Why do I need to de-thatch? you might be asking. Good question. Thatch is inevitable in your lawn. It’s a natural occurrence. Old, dead grass and other organic materials build up over time. Combined with living grasses and roots, it produces a spongy surface for bare feet and makes your yard more resilient to wear and tear. When it builds up too much, however, water, air and nutrients will not be able to permeate the soils below, resulting in dry spots, green on top and dead brown below.
What promotes thatch? As mentioned, thatch is a normal occurrence. Certain conditions, such as heavy, wet, or alkaline soils, and warm temperatures combined with creeping grasses such as Bermuda, Zoysia and Bluegrasscan contribute to thatch, however.

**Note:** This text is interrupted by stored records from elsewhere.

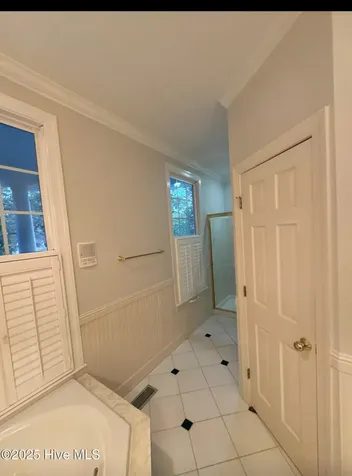 3931 Members Club Boulevard Southport NC 28461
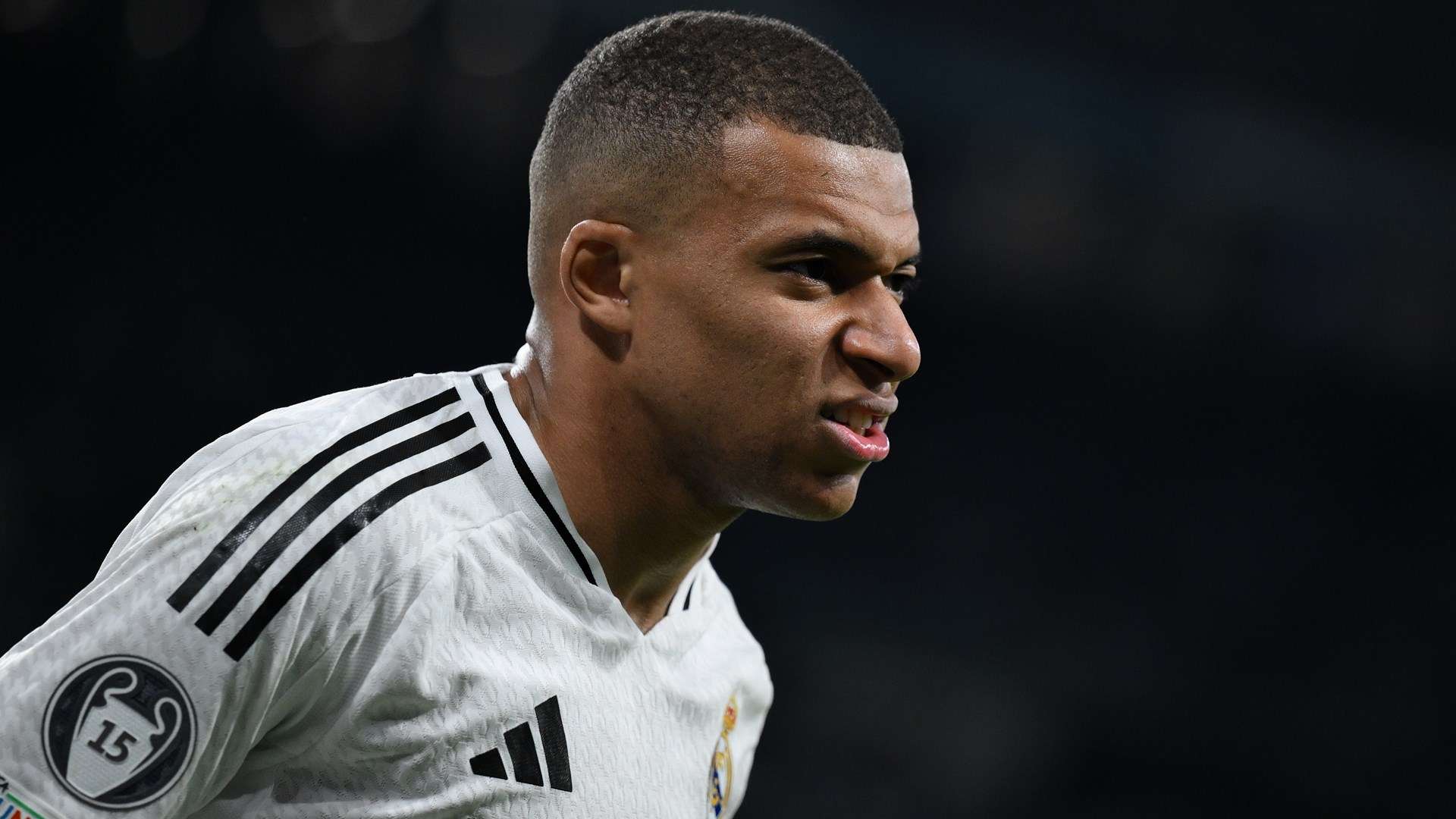 Mbappe sent brutal 'club is dying and will die' warning  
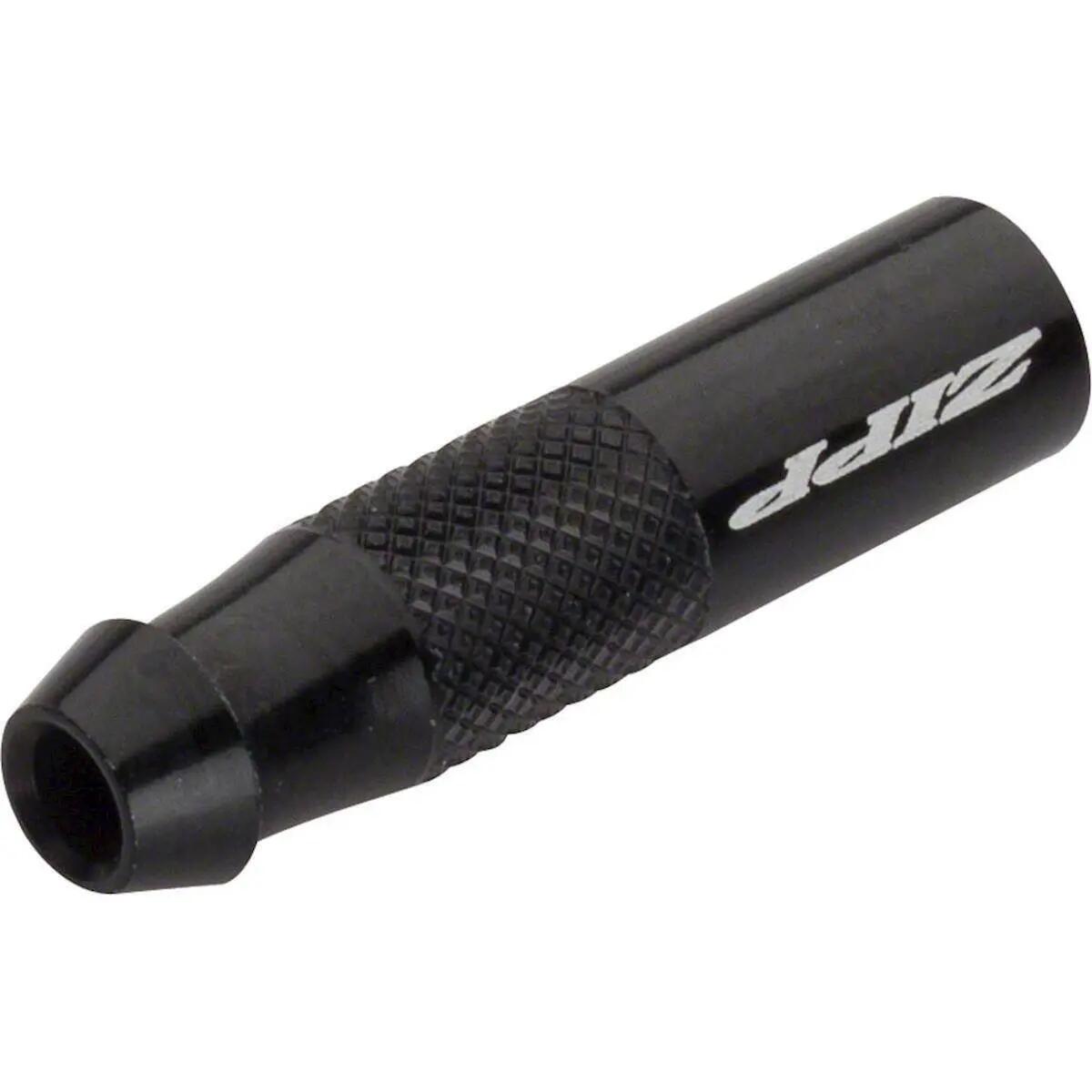 ZIPP picture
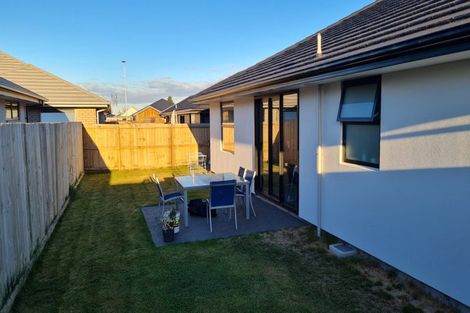 Photo of property in 34 Blakes Road, Belfast, Christchurch, 8051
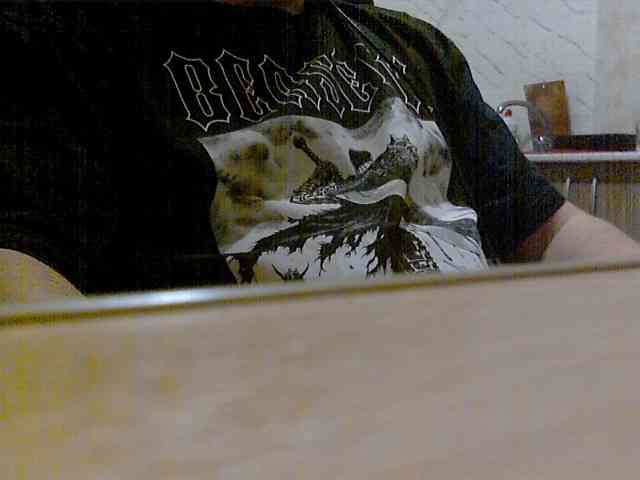 newstarborn newstarborn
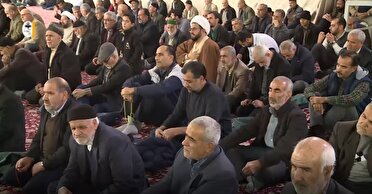 الگوگیری از سیره حضرت فاطمه (س) ضامن سلامت خانواده و جامعه است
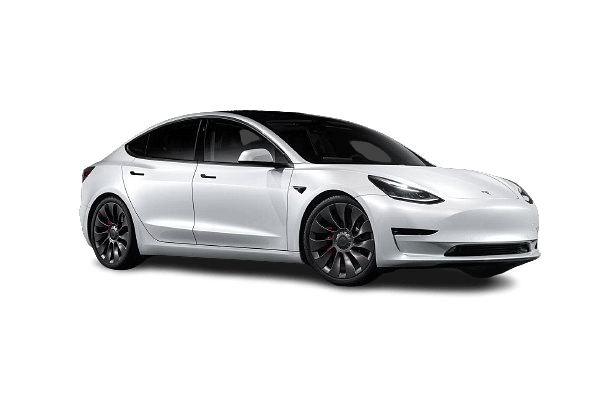Tesla Model 3 Launch Date, Expected Price Rs. 70.00 Lakh, Images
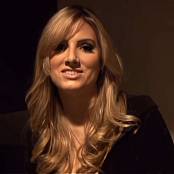 Teagan Presley Chick Flixxx BTS 2 AI Enhanced TCRips Video 110625.mkv snapshot 00.41 [2025.06.11 19.48.56]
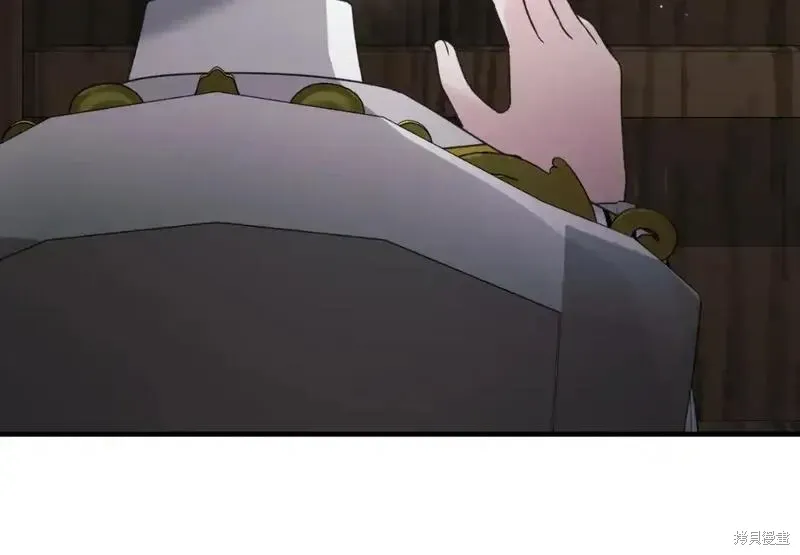 第152话119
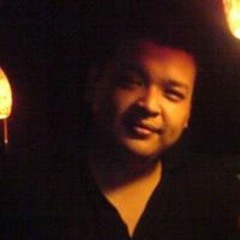 Miko Indrarta Dwisaptadi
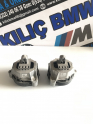 BMW G30 520 530 2017-24 ÇIKMA ORJİNAL MOTOR TAKOZU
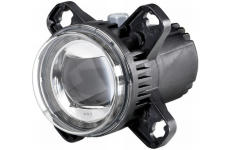 Hlavný svetlomet HELLA 1BL 012 488-027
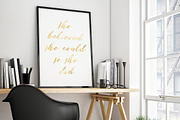 Sweet Little Things Script Font TRIO, a Script Font by Heartmade by Claudia (Thumbnail 10 of 15)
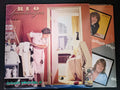 Lp - Reo Speedwagon - Good Trouble * Eu - Classic - 1982
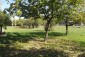 13847:57 - Bulgarian properties 55 km from Vratsa and 300 meters from river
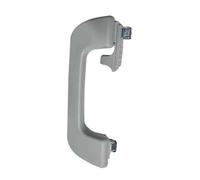 Poignée Traction Toit Compatible Avec A4 Pour Allroad 2010-2016 1 Pièces Poignée De Traction De Toit Intérieur De Voiture Accessoires De Remplacement 8K0857607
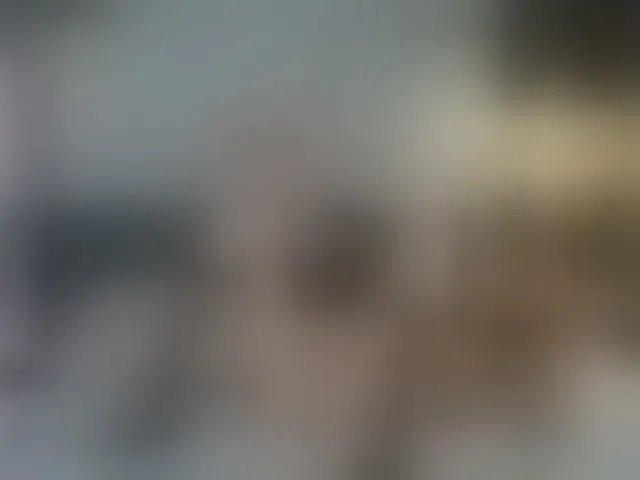 Live sex webcam photo for fire-girls #293497195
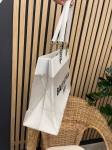  Сумка женская Balenciaga Артикул LUX-97043. Вид 2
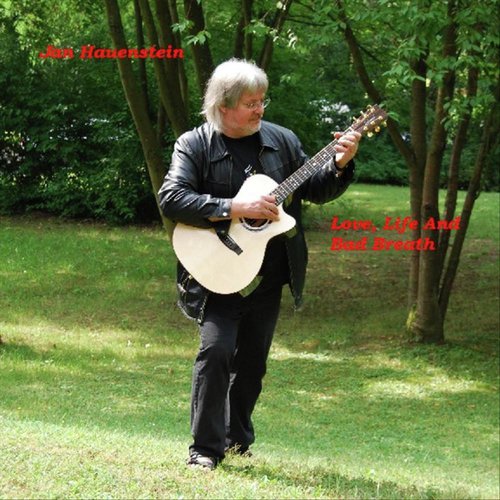 Per Ogni Matematico cover art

When do I de-thatch? Springtime is perfect for de-thatching. De-thatching often results in renewed growth, ideal in warming temperatures and longer daylight.
How can I tell if my yard needs de-thatching? First, look for dry spots that occur despite frequent watering. Is the top part green while the underneath is dry and brown? Is there a 1/2 inch or more of thatch? It’s time to get to work!
Regular de-thatching, every one to two years, is ideal. Probably the easiest, most economical method for a DIYer, is to rent a de-thatcher. There are usually two types of de-thatchers available: the flail-type and the solid-knife type. Solid-knife types are better for bentgrass lawns, but may not be readily available except in metropolitan areas. These power rake de-thatchers work by tearing into the thatch using a series of firm, spring loaded wires. If the thatch isn’t too thick, you can even employ the vigorous use of a rake. A core aerator can also be used.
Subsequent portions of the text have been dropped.